Reconnu grâce à un talent qu’il ne soupçonnait pas, Tim Leclabart est lauréat en 2023 par Maison et Objet de leurs « Rising Talent Awards ». Il constitue son dossier avec ses pièces les plus célèbres, l’envoie puis fait marche arrière : « j’avais depuis longtemps envie de faire un meuble pour ma fille, le thème « Enjoy » du salon m’a inspiré. J’ai dessiné un prototype et lorsque je lui ai montré, elle m’a dit on dirait un petit fantôme qui fait boooo ». En quatre mois, le créateur produit une collection influencée par l’univers enfantin des dessins animés comme Barbe à Papa, les Shadoks et des jeux vidéo dont Pac-Man. Ces objets sculpturaux peuvent avoir plusieurs fonctions : chaise d’enfant, table de chevet ou d’appoint. Avec ses formes et ses couleurs pop, les « Boo » créent la surprise et s’inscrivent en rupture avec les précédentes œuvres du designer.

La famille « Boo ».
La famille « Boo ».

Son mobilier, entre art et sculpture, est consacré à différentes reprises. Timothée, qui en a pourtant fini avec le syndrome de l’imposteur, n’aime pas se définir comme designer. « Il y a des similarités entre mes différents projets, mais je fonctionne de manière très instinctive, très spontanée et dès qu’il y a une matière, une rencontre, un souvenir, une expérience de voyagee le transforme en objet », avoue-t-il. Il prône un design narratif : l’histoire de la pièce passe avant la technique.
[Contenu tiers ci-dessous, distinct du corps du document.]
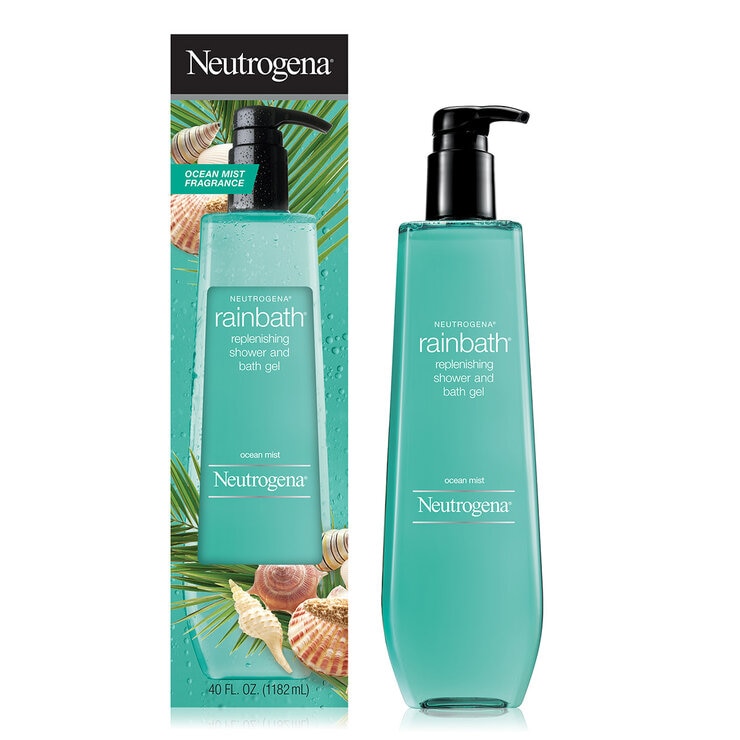 Neutrogena Rainbath Ocean Mist Jabón Líquido Corporal 1.8 l — Imagen 1 de 4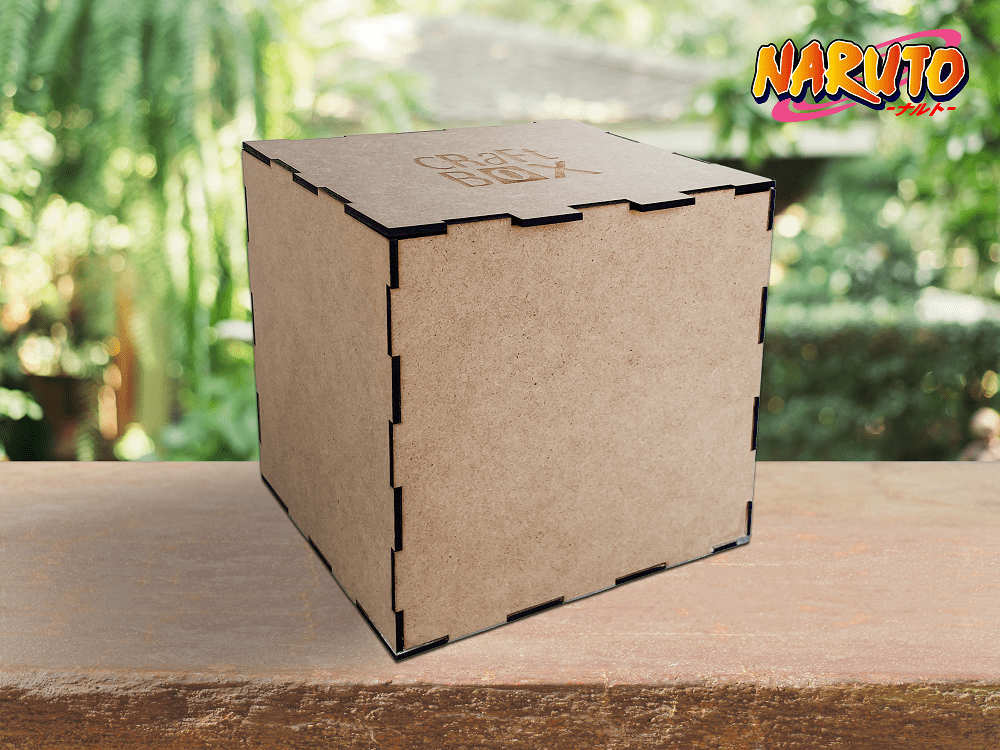 ნარუტოს სასაჩუქრე ყუთი - Naruto gift box 1 საჩუქარი პერსონალური ნარუტოს სასაჩუქრე ყუთი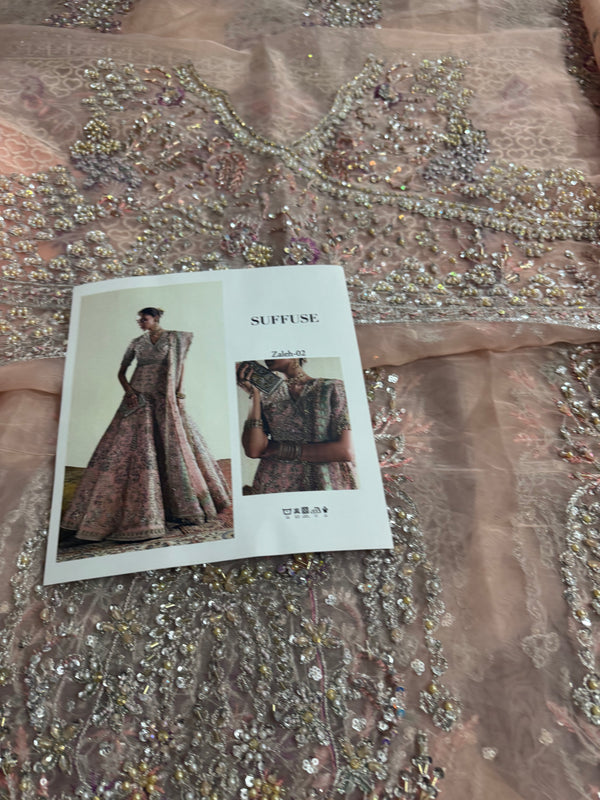 Suffuse pink wedding edition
Une approche qui prend tout son sens à travers son futur projet, beaucoup plus conceptuel et philosophique : « Je suis en train de changer d’échelle. Je m’intéresse de plus en plus à la perception de l’objet et au curating ». Tim en revient ainsi à ses premiers amours et questionnera notre rapport aux objets du quotidien. « Comment cette vieille timbale qu’on reçoit d’une grand-mère sans valeur esthétique mais qui, placée dans un autre contexte, devient très symbolique et belle ? » questionne-t-il. Une mise en scène, encore en construction, que nous espérons découvrir rapidement.